Why do we silence sexual assault conversations?
Sexual assault in my opinion is a very controversial topic. Not in the sense that people agree or disagree in its seriousness but rather in the degree of how prevalent discussions and conversations surrounding sexual assault should be in our society. I bet if I asked you to define what exactly sexual assault was, a lot of you would be able to give me an answer that is relatively close to its legal definition. Some of you might even be able to go a step further and recite some facts and statistics surrounding sexual assault. But how many of these facts and statistics would be related to the mental and emotional components of being sexually assaulted?

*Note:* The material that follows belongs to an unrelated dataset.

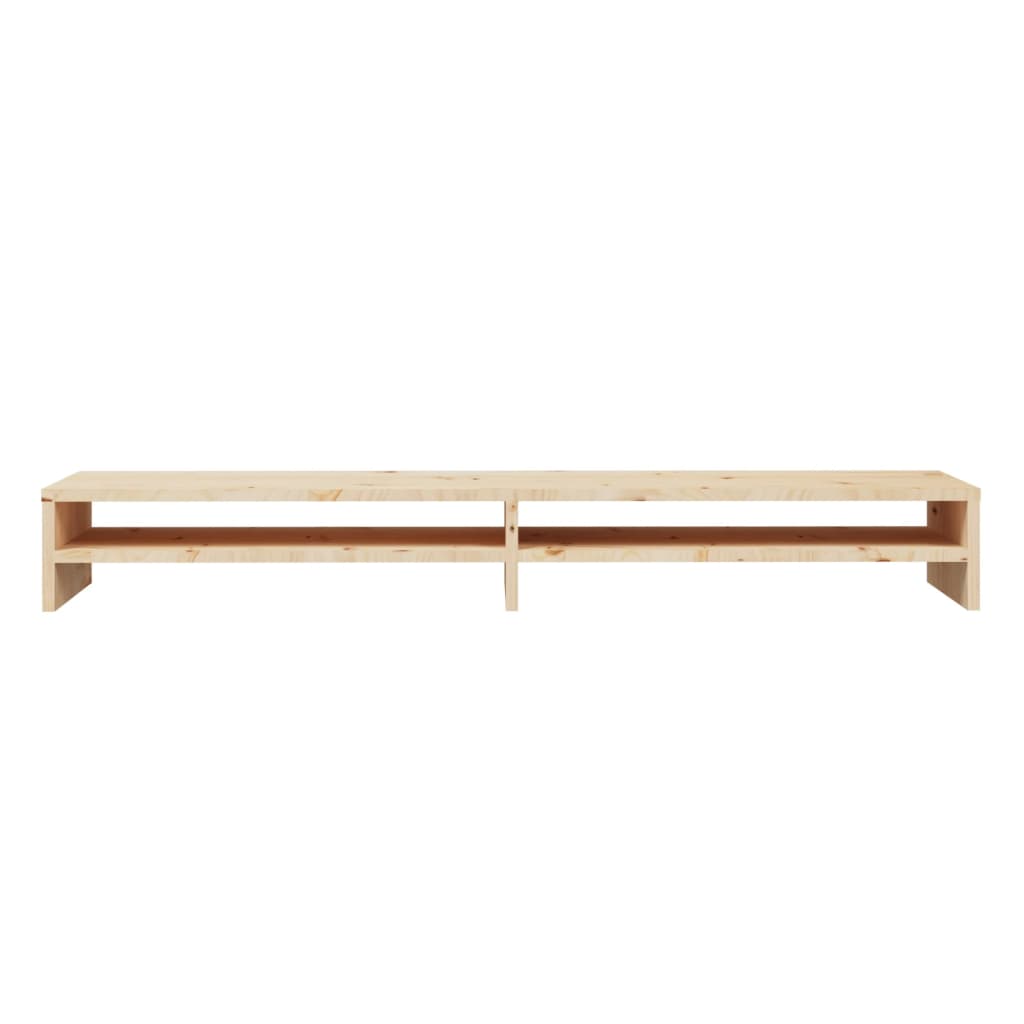 Monitorstativ 100X24X13 Cm Heltre Furu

It seems as if the only time it’s okay talking about sexual assault openly is when you’re talking about it in terms of numbers or facts. Why? Because it’s just easier that way, by choosing an apathetic route towards discussing sexual assault we minimize the risk of potentially offending someone who may feel uncomfortable or have strong opinions surrounding the topic. We also reduce the risk of triggering an emotional response in someone who may have experienced or know someone whose experienced sexual assault first hand. Which is fair, because no one wants to be the source of upsetting someone else, but that’s where the controversy surrounding sexual assault originates. And unfortunately sexual assault can’t be conceptualized through just numbers and facts, because it’s more than that. Sexual assault is a trauma; it’s the infliction of pain and emotional distress not just during the attack but also after. And despite the sexual assault being violent or not, it’s the idea of being stripped of control over your life and being hindered powerless momentarily. And these are only some of the aspects of sexual assault that no one wants to talk about.

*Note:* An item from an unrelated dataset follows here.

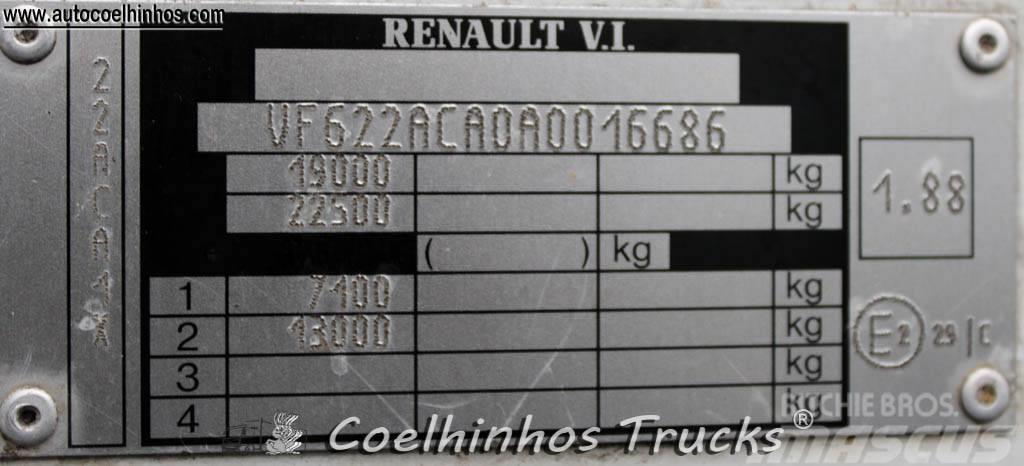 Renault Premium 250 Flatbed/Dropside trucks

You ever see a really bad accident and just look away because it’s too much to handle? Well that’s the attitude a lot of people have adopted in terms of sexual assault. And because of this adopted attitude a lot of conversations surrounding sexual assault are limited to just discussing what constitutes a sexual assault and what you can do to help or get the victim the appropriate help. But what we don’t talk about is the trauma; the emotional distress, the pain, and the injuries associated with being sexually assaulted. And by failing to talk about these aspects we undermine the seriousness of being sexual assaulted. For those who have never been sexually assaulted, if they’re not informed of the impact being sexually assaulted can have on you, not only will they come across as being insensitive to someone who has been sexually assaulted but this behavior will also reinforce the victim to want to remain silent from the fear of being misunderstood.

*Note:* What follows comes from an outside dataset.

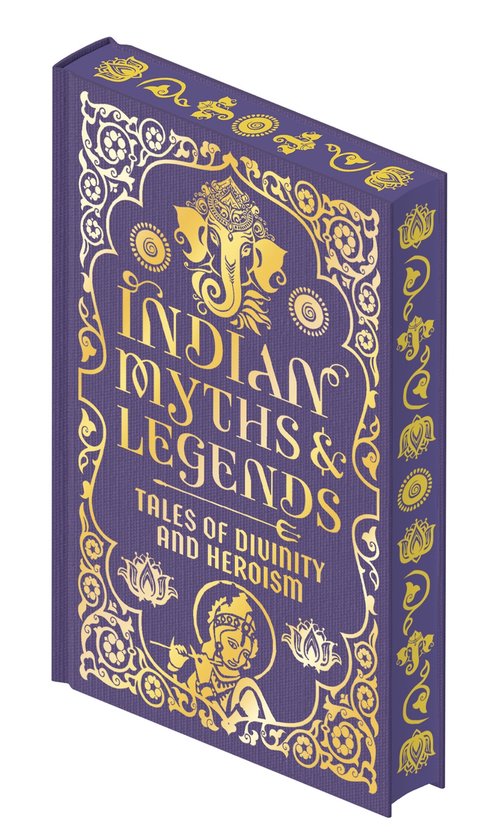Collectable Myths and Legends- Indian Myths & Legends - cover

By continuing to silence certain conversations regarding sexual assault simply because they provoke too much emotion or cause discomfort, we continue to paint a false portrait of what sexual assault really entails. As mentioned earlier, this false portrait translates into sexual assault being viewed as less serious than it really is, causing a lack of relevancy towards the issue in our society. As a result, people who have been sexually assaulted are less inclined to open up about their experiences surrounding the subject, and the lack of relevancy and awareness is reinforced on the basis that it’s not prevalent enough in our society. Furthermore, by not talking about the trauma associated with being sexually assaulted, we set up false beliefs on what it feels like to be sexually assaulted. For a lot of us, when we hear about someone whose been sexually assaulted we think about how that must of been an unfortunate incident, we think about the situation they must have been in that set the stage for the sexual assault to occur in, or we think about who sexually assaulted them. And for the most part, we accept it as being circumstantial and tell ourselves that with the appropriate amount of time the victim will get over it. The victim will get over it … That’s our equivalent of looking away from a bad accident. That’s how we justify not doing more in terms of raising awareness for sexual assault besides discussing facts and numbers. But it’s not our fault, because when we hear that someone has been sexually assaulted what we don’t think about is the emotional distress, we don’t think about the thoughts or feelings the victim must have experienced during and after the abuse, we don’t think about the flashbacks or nightmares the victim probably suffered following the sexual assault, the crying, the screaming, the endless desire to numb the pain, the mental and physical bruises, and the amounts of energy focused towards finding just one single explanation to justify why it happened, why them. We don’t think about the distress because we don’t want to feel any distress, which is one of the biggest driving factors in the lack of awareness that exists surrounding sexual assault.
We need to talk about the mental components that are impacted during a sexual assault not only so we can be more empathetic towards those sexually assaulted, but so we can also validate the different emotions and thoughts the victim is prone to experience during the recovery phase. Often as human beings, when we feel we experienced incidences outside of everyday realms, we choose to remain silent out of fear of being misunderstood or feeling invalidated. Therefore, it’s important to openly talk about the emotional distress being sexually assaulted can trigger in order to make those who have been sexually assaulted feel more comfortable in opening up about their experiences. So we shouldn’t silence topics of sexual assault just because they make us feel uncomfortable and instead talk about them until we successfully normalize conversations surrounding sexual assault. Because if we simply make a shift from discussing sexual assault in terms of facts and numbers, to discussing it in respect to the mental and emotional impact being sexually assaulted has, we could initiate societies to respond to sexual assault with a need for increased awareness, education, and easily accessible resources.